Élans de l’âme vers Dieu

29. Fénelon

18e siècle

« Apprenez de moi que je suis doux et humble de cœur. » — O Jésus, c’est vous qui me donnez cette leçon de douceur et d’humilité. Tout autre qui voudrait me l’apprendre me révolterait. Je trouverais partout de l’imperfection, et mon orgueil ne manquerait pas de s’en prévaloir. Il faut que ce soit vous-même qui m’instruisiez. Mais, que vois-je, ô mon cher Maître ! vous daignez m’instruire par votre exemple.
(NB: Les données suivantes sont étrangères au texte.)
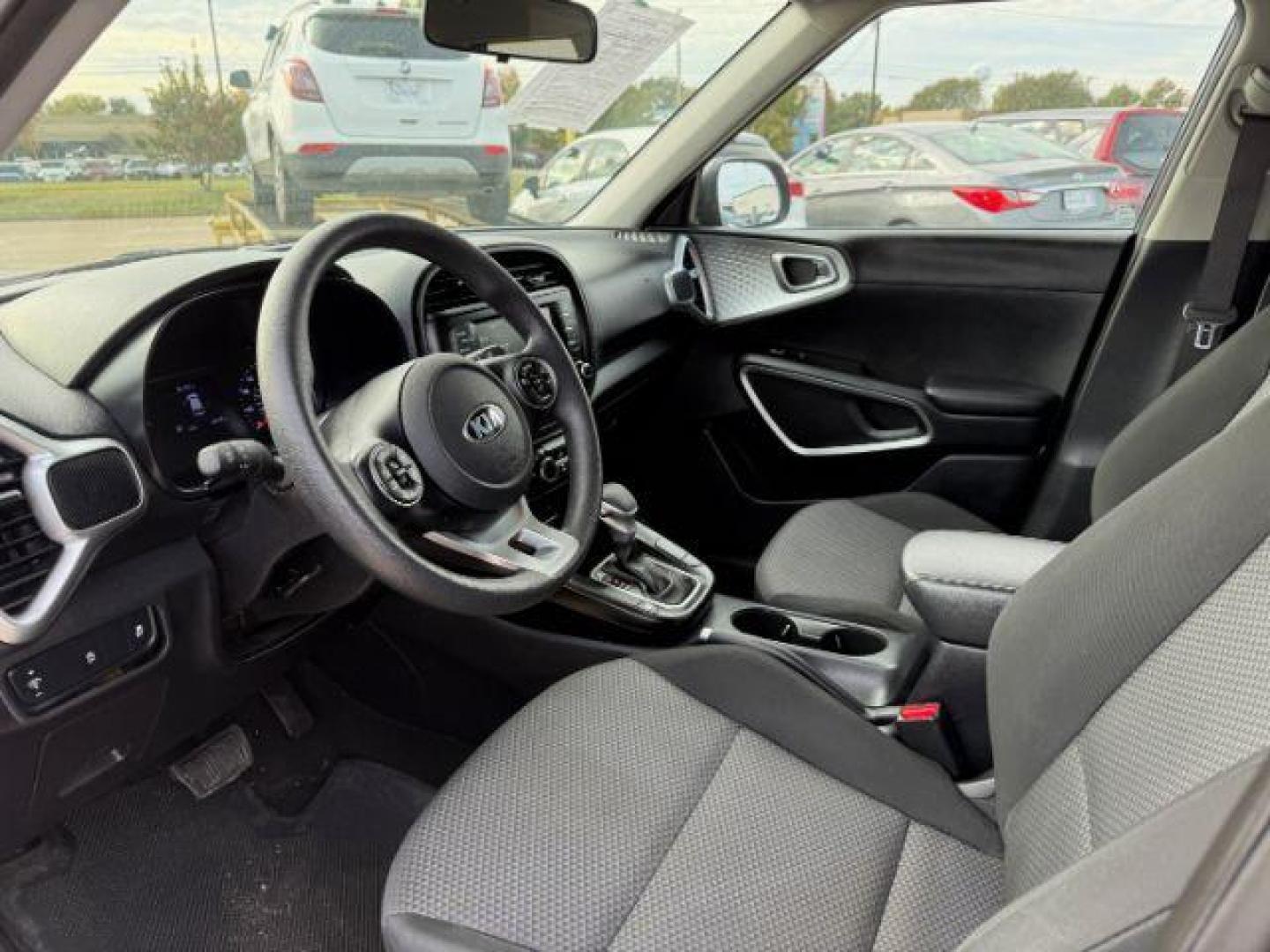 2020 GRAY Kia Soul LX CVT (KNDJ23AUXL7) with an 2.0L L4 DOHC 16V engine, Continuously Variable Transmission transmission, located at 2715 W Pioneer Pkwy, Arlington, TX, 76013, (817) 265-9009, 32.710262, -97.153236 - Photo#16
Quelle autorité ! Je n’ai qu’à me taire, qu’à adorer, qu’à me confondre, qu’à imiter ! Quoi ! Le Fils de Dieu descend du ciel sur la terre, prend un corps de boue, expire sur une croix pour me faire rougir de mon orgueil ! Celui qui est tout s’anéantit ; et moi qui ne suis rien, je veux être, ou du moins je veux qu’on me croie tout ce que je ne suis pas ! O mensonge ! ô folie ! ô impudente vanité ! ô diabolique présomption ! Seigneur, vous ne me dites point : Soyez doux et humble ; mais vous dites que vous êtes doux et humble. C’est assez de savoir que vous l’êtes pour conclure, sur un tel exemple, que nous devons l’être. Qui osera s’en dispenser après vous !

Sera-ce le pécheur qui a mérité tant de fois, par son ingratitude, d’être foudroyé par votre justice !

Mon Dieu, vous êtes ensemble doux et humble, parce que l’humilité est la source de la véritable douceur. L’orgueil est toujours hautain, impatient, prêt à s’aigrir. Celui qui se méprise de bonne foi veut bien être méprisé. Celui qui croit que rien ne lui est dû ne se croit jamais maltraité. Il n’y a point de douceur véritable par tempérament : ce n’est que mollesse, indolence ou artifice. Pour être doux aux autres, il faut renoncer à soi-même. Vous ajoutez, ô mon Sauveur, « doux et humble. » Ce n’est pas un abaissement qui ne soit que dans l’esprit par réflexion ; c’est un goût du cœur ; c’est un abaissement auquel la volonté consent, et qu’elle aime pour glorifier Dieu ; c’est une vue paisible de sa misère pour s’anéantir devant Dieu ; c’est une destruction de toute confiance en son courage naturel, afin de ne devoir sa guérison qu’à Dieu seul. Voir sa misère et en être au désespoir, ce n’est pas être humble ; c’est au contraire un dépit d’orgueil, qui est pire que l’orgueil même.